Look for the string "with" in the material below. Copy every line where you find it.

○ ○ ○ ○ ○ ○ ○

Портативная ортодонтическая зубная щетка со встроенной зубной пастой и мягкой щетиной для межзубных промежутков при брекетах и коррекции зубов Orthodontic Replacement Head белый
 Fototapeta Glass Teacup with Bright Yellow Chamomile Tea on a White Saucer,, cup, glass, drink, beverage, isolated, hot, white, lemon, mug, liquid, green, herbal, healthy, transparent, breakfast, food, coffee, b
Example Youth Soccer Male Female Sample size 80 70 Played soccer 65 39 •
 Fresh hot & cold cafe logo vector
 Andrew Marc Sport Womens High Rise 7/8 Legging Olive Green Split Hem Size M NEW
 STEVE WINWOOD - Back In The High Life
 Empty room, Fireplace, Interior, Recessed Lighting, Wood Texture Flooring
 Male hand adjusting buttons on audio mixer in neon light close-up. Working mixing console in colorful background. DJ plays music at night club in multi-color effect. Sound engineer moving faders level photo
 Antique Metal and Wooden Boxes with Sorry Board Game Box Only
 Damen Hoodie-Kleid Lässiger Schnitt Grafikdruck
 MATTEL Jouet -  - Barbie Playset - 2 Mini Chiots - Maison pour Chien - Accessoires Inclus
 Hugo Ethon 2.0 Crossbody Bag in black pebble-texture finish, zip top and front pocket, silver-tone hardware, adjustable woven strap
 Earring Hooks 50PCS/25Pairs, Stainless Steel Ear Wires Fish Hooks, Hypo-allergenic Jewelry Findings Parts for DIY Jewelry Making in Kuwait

○ ○ ○ ○ ○ ○ ○

◆ **TASK SOLUTION**:
 Fototapeta Glass Teacup with Bright Yellow Chamomile Tea on a White Saucer,, cup, glass, drink, beverage, isolated, hot, white, lemon, mug, liquid, green, herbal, healthy, transparent, breakfast, food, coffee, b
 Antique Metal and Wooden Boxes with Sorry Board Game Box Only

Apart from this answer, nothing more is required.